On the occasion of this week’s 40th anniversary of Richard Nixon’s resignation from the presidency, The Washington Post sponsored a reunion featuring Bob Woodward and Carl Bernstein, the Watergate reporters who “brought down” the 37th president.
In fact, Nixon committed political suicide. He thought he could get away with what other politicians had done, but forgot the rules are different for Republicans.
The Post event resembled a celebration with much laughter and stories about how Publisher Katharine Graham and Executive Editor Ben Bradlee had told the newsroom “no gloating” when it became apparent Nixon would resign. But gloat they did for years to come.
The story of how Lyndon Johnson “stole” the 1948 Senate election away from Coke Stevenson, allegedly by use of voter fraud, which, The New York Times writes, allowed him to overcome “…a 20,000-vote deficit to achieve his famous 87-vote victory,” is chronicled in Robert A. Caro’s book “Means of Ascent,” a multi-volume biography of the 36th president. It is also no secret how Kennedy money and, according to journalist Seymour M. Hersh in his book “The Dark Side of Camelot,” a little mafia influence delivered the 1960 presidential election to John F. Kennedy.
These men were Democrats and though Johnson’s legacy is tarnished by his escalation of the Vietnam War, he deservedly earns plaudits today for his work on civil rights legislation.
Nixon was different. While Kennedy expertly schmoozed the press and Johnson was a master manipulator and arm-twister, Nixon brooded about slights and injustices he felt had been done to him.
When Pat Nixon died in 1993, I wrote a column about her. I had met her on a few occasions and said she did not fit the “plastic Pat” label assigned to her by critics. I noted she didn’t like politics, but endured it for the sake of her husband, preferring instead to stay out of the limelight.
Nixon wrote and thanked me, but then launched into a diatribe about the media and how they never understood her and by implication him.
My other personal remembrance of Nixon came in the early 1970s.
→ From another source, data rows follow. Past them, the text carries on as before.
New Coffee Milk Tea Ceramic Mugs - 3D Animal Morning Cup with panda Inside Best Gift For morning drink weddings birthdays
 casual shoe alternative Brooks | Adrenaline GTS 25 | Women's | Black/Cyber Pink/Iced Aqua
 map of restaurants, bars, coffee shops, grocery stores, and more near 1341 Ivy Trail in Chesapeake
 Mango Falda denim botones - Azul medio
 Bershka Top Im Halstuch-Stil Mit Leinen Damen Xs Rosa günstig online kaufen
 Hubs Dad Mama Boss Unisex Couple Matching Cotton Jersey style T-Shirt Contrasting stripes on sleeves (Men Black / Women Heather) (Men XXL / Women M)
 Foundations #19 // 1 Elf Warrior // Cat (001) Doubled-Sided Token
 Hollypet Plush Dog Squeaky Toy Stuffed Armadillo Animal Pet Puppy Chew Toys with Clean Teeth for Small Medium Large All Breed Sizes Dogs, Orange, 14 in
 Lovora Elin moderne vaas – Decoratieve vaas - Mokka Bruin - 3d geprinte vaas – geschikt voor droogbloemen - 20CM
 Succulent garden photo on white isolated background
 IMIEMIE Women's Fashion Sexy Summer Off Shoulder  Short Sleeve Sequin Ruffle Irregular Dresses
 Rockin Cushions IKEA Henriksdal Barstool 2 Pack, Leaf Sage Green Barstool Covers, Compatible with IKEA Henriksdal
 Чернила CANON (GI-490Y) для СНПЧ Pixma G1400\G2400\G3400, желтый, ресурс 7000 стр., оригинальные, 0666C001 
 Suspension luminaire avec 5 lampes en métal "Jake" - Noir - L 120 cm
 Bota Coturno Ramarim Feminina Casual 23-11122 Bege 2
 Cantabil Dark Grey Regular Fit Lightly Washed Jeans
I was trying to become a network correspondent at NBC News in Washington and was assigned to weekend stories more seasoned reporters didn’t want to cover. One of them was Nixon’s Sunday White House “church” service. Bob Schieffer had recently arrived in Washington from Texas for CBS News and he drew the same assignment.
Nixon, or someone on his staff, likely pre-cleared the speakers in order to avoid the potential embarrassment of one of them criticizing Nixon for not immediately ending the Vietnam War. Speakers included Rev. Billy Graham and a Catholic prelate whose name now escapes me. Afterward, a reception was held in the East Room where reporters and guests could speak with Nixon, Secretary of the Treasury John Connally and other Cabinet members.
I found these events uncomfortable and a contrast in content and form from my own church experience. An explanation came when the secretly recorded Oval Office conversations became public and Nixon is heard taking God’s name in vain and disparaging Jews and his “enemies.” On hearing the tapes, Graham expressed shock and dismay at Nixon’s language, though on one recording Graham is heard agreeing with Nixon about Jews controlling the media, a comment for which he later apologized.
Nixon defenders have always contended that he did nothing different from other presidents. Maybe, but he certainly appears to have done a lot more of it than other presidents and his personality was anything but endearing to the press and to those on his “enemies list.” Nixon seemed to be saying to the press, “hit me again, I can take it.”
Nixon was not a conservative Republican. He imposed wage and price controls, created the Environmental Protection Agency and two of the four justices he appointed to the Supreme Court — Harry Blackmun and Warren Burger — were part of the 7-2 majority vote in the Roe v. Wade case, which ushered in abortion on demand.
Still, he remains one of our most fascinating presidents and one we can be sure historians will “kick around” for at least another 40 years.